[ by Charles Cameron – the UN panel of happiness experts, human nature on and off the freeway, and royal rainmaking in Thailand and Tanzania ]
Seeings as how the Kingdom of Bhutan just convened a UN forum on the topic of Happiness and Well-being: Defining a New Economic Paradigm, I thought it might be interesting to compare the faces in reports of a recent, controversial congressional panel on contraceptive issues with those of the folks on the happiness panel:
And to be frank, neither panel looked particularly cheerful. I thought it might be nice to get away from all that seriousness, so I featured the Dalai Lama’s often playful eyes as an inset…
Seriously: is happiness something we should figure out in committee?
To be fair, though, they did have some decent guest speakers — Joan Halifax for one. My guess is, some people just bring their happiness with them.
And while I have the Dalai Lama in mind and in a conveniently copiable graphic, I thought I’d post a second, quick item — this one also having to do with happiness, I suppose, and raising the question of what human nature is.
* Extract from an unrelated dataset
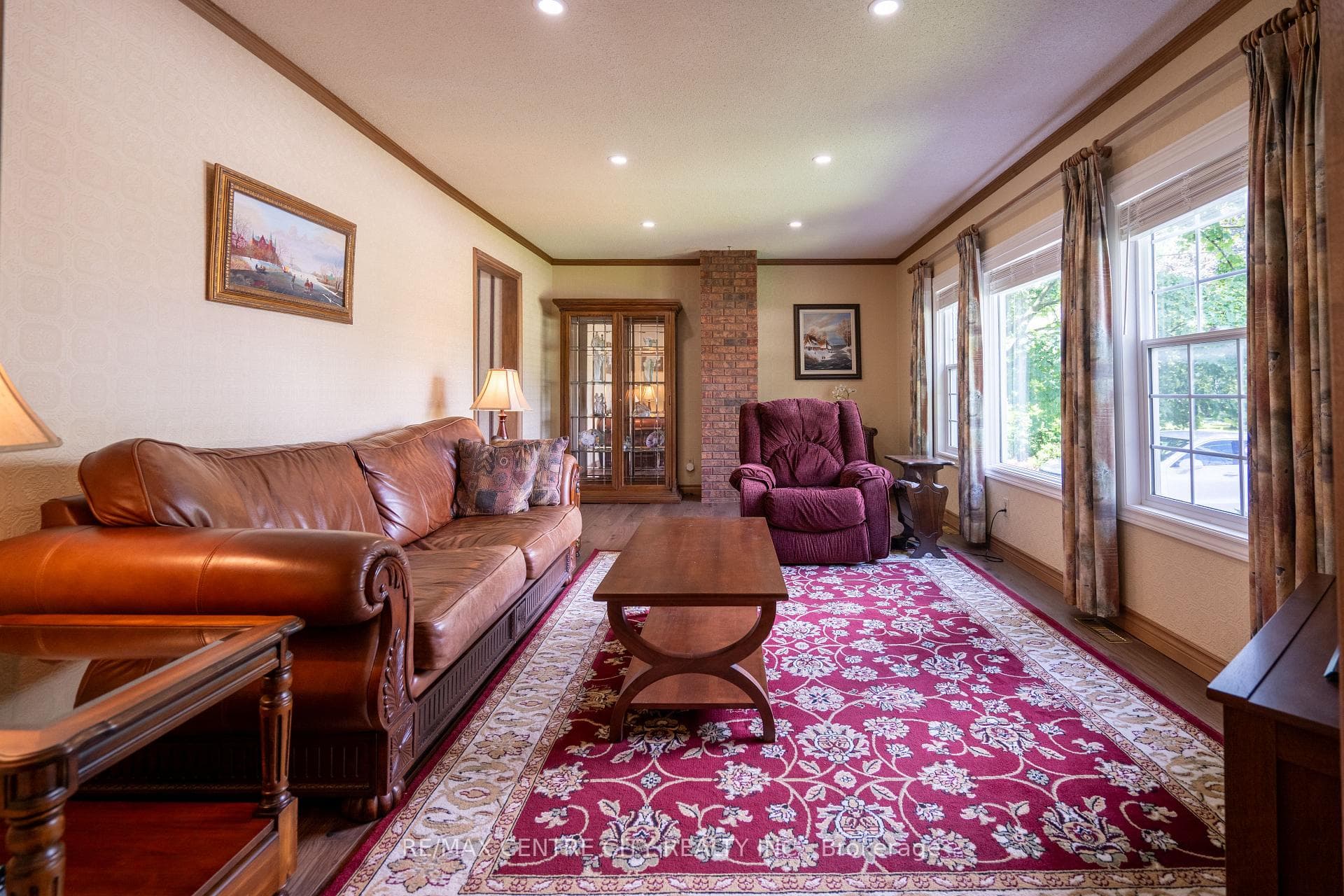 338 Saulsbury Street photo 15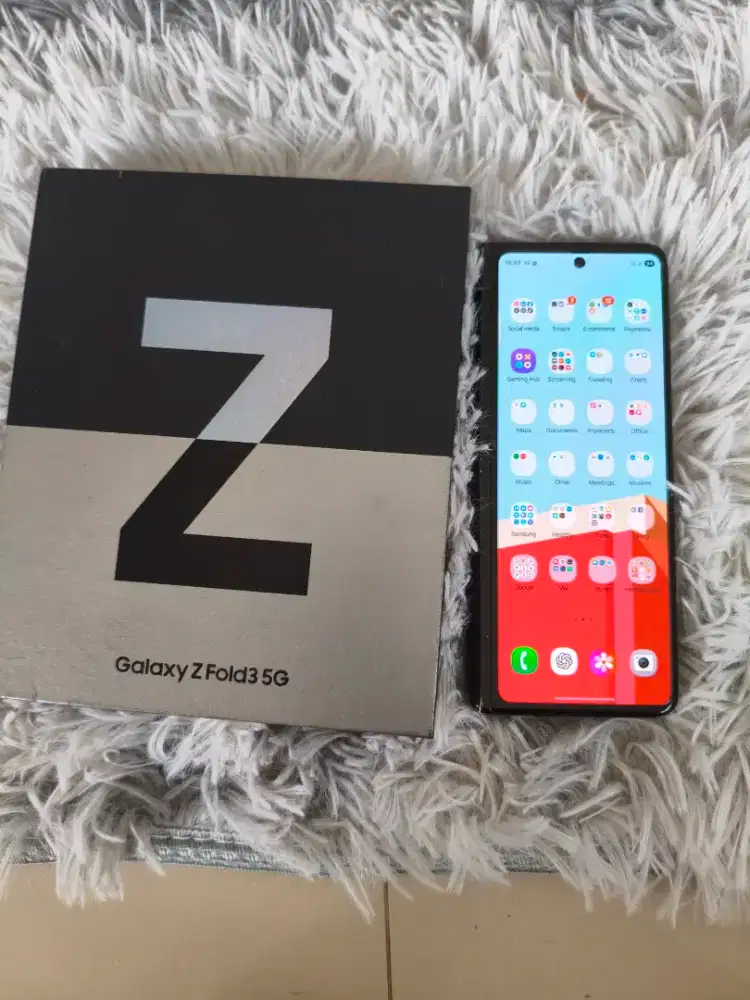 Samsung fold 3 12/256 fullset eks sein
When you’re stuck on the San Diego Freeway on the way back from work, you may not feel as “one with nature” as you do when you’re out for an evening walk on the beach in Malibu. But are the ribbons of the Interstate system really that different from the veining of a leaf?
I suspect that question might bring some quiet laughter to the Dalai Lama’s eyes…
Hat-tip: I have Andrea Lobel of Concordia U to thank for this second pair of images, which she very kindly sent me knowing of my delight in such pairings.
Time for one more?
Given my strong interest in ritual, you won’t be surprised to learn that royal rainmaking is of interest to me.
The insignia on the left is that of the Thai Bureau of Royal Rainmaking and Agricultural Aviation, founded by Thailand’s King Bhumibol Adulyadej, who holds European patents on several of his methods:
According to the notes attached to this video:
Among the best-known and most successful of His Majesty’s water provision projects has been the Royal Rainmaking programme. He began to study how clouds might be seeded to produce rain. In 1969 he carried out preliminary tests at Khao Yai National Park using a Cessna 180 and dry ice. In August 1969, he moved to Hua Hin and used two aircraft in a variety of weather conditions to determine what worked best. Initially, he financed the research with his own funds but in 1970, he sought temporary funding for a “Rainmaking Project” from the government. With it, he established the Royal Rainmaking Research and Development Institute. Based on it, he has spent succeeding years refining his techniques to accord with varying cloud conditions and to suit differing climatological and geographic areas, enjoying considerable success throughout Thailand.
On the right is the encampment for the mapolyo a mbula or ancestral offerings for rain of the Ihanzu of Tanzania.
Todd Sanders, in his book Beyond Bodies: Rainmaking and Sense Making in Tanzania, writes:
Because the Ihanzu have long depended on the rain for their very existence, it is not surprising that rainmaking is central, both conceptually and practically, to their everyday lives. They have two royal rainmakers – one male, the other female – whose job it is to ensure the rains arrive on time and fall properly each year. … Through varied rain rites carried out each year in the village of Kirumi, royal rainmakers regulate the annual movement from the dry ‘male’ season (kipasu) to the wet ‘female’ one (kitiku) and back again. These rites take various forms, as we shall see…
For a detailed account of the mapolyo a mbula rites and the legend that accompanies and explains the diagram above, see Sanders’ Reflections on Two Sticks: Gender, Sexuality and Rainmaking in Cahiers d’Etudes Africaines:
These rites take place only when the rains have utterly failed and it has been divined that the royal Anyampanda clan spirits have demanded such an offering. Offerings take place over two days, but the entire ritual sequence often lasts a month, sometimes longer. It is only the two Anyampanda royal leaders, and no one else, who can bring such rain offerings to fruition.
Enough, I’m done for now — I’m happy.